====== Data for the task ======

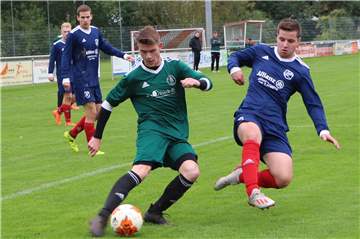 Michael Haeske (l.) ist im ersten Jahr als Trainer des SC Ahle gleich Tabellenführer nach einem Saisondrittel. Mit diesem doch etwas überraschenden Zwischenergebnis geht es ins Derby bei RW Nienborg.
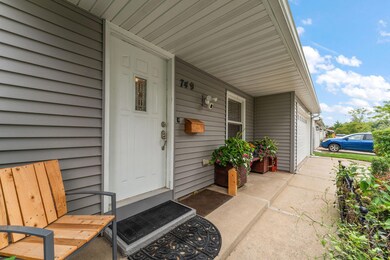 749 N Wheeler St, Griffith, IN 46319 - photo 4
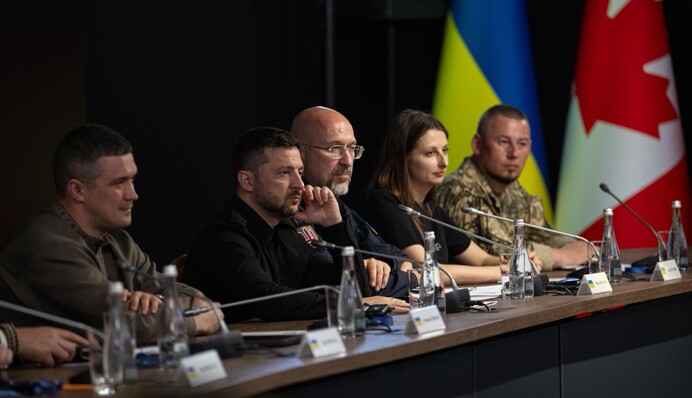 Штучний інтелект та інновації допомагають українським захисникам - Шмигаль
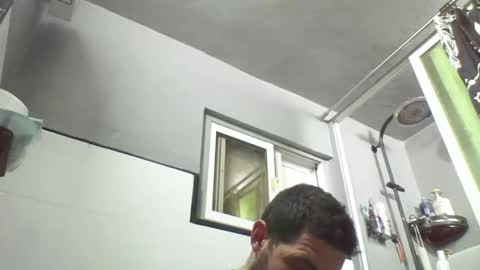 Snapshot of windowpane5 chatting on 02-11-25, 10:18 windowpane online show from 02-11-25, 10:18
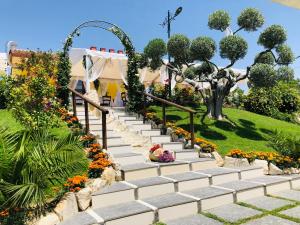 un conjunto de escaleras en un jardín con flores en Villa Aurora en Villanova del Battista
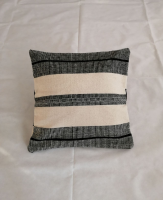 Pillows lines black & white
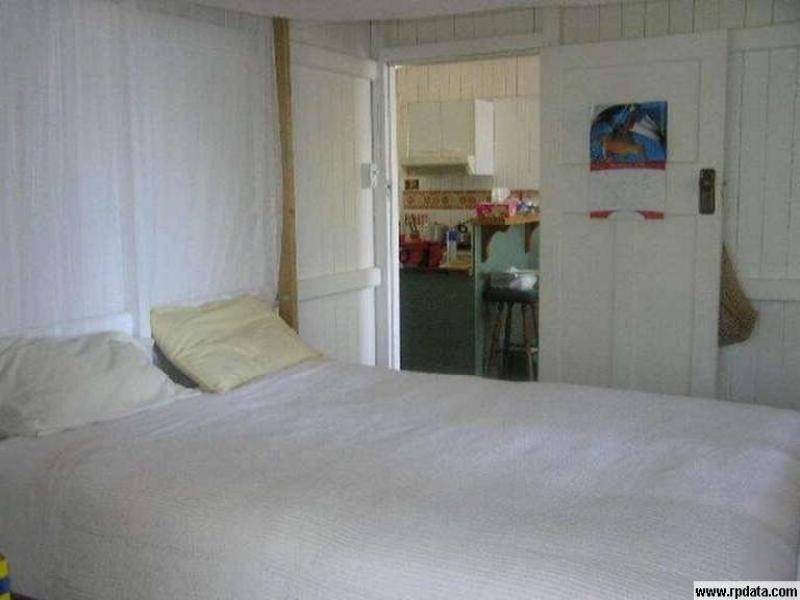 19 Cliff Terrace, Macleay Island QLD 4184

======

Exercise details: Look above and copy only the lines from the one holding "749 N Wheeler" to the one holding "Snapshot of windowpane5", both included, exactly, minus the pictures.

Solution for this exercise:
 749 N Wheeler St, Griffith, IN 46319 - photo 4
 Штучний інтелект та інновації допомагають українським захисникам - Шмигаль
 Snapshot of windowpane5 chatting on 02-11-25, 10:18 windowpane online show from 02-11-25, 10:18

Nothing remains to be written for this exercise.